Your sentence says that there is an integer $y$ such that all integers are less than or equal to $0$, which is clearly not what you wanted. Let’s try to sneak up on the correct expression.
How can we say ‘$x$ is an integer less than or equal to each integers that is greater than $0$’?

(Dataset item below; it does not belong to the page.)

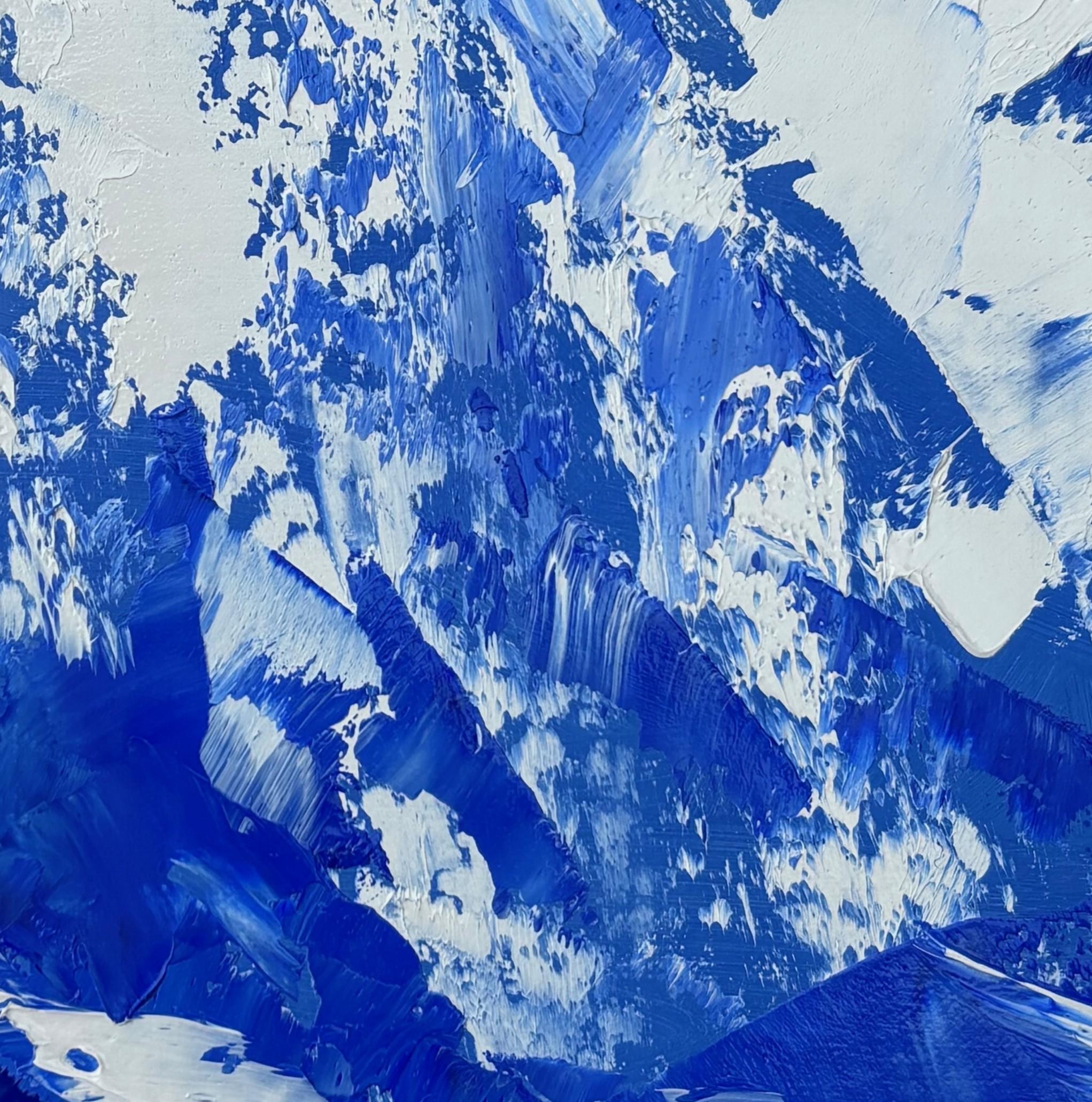 « Blue Mountains » de Sandra Pratt, peinture à l'huile originale de paysage de montagne 7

First, $y>0$ has to be translated. One way is $L(0,y)\land y\ne 0$, and another is $\neg L(y,0)$; you can use either. Now we want to say that if $y$ is an integer greater than $0$, then $x\le y$: $$\forall y\in\Bbb Z\Big(\big(L(0,y)\land y\ne 0\big)\to L(x,y)\Big)\;,$$ or
$$\forall y\in\Bbb Z\big(\neg L(y,0)\to L(x,y)\big)\;.$$
Finally, we have to say that there is such an integer $x$:
$$\exists x\in\Bbb Z\,\forall y\in\Bbb Z\Big(\big(L(0,y)\land y\ne 0\big)\to L(x,y)\Big)\;,$$
or
$$\exists x\in\Bbb Z\,\forall y\in\Bbb Z\big(\neg L(y,0)\to L(x,y)\big)\;.$$
But that’s still not quite right, because the other in all other integers greater than $0$ implies that $x$ is supposed to be greater than $0$, and we have to say so. For convenience I’m going to introduce an abbreviation: I’ll write $L'(x,y)$ for $L(x,y)\land x\ne y$ or $\neg L(y,x)$. Then what we want is
$$\exists x\in\Bbb Z\,\forall y\in\Bbb Z\left(L'(0,x)\land\Big(\big(x\ne y\land L'(0,y)\big)\to L(x,y)\Big)\right)\;.$$
You can get rid of the new predicate $L'$ simply by expanding each instance using the definition of $L'$.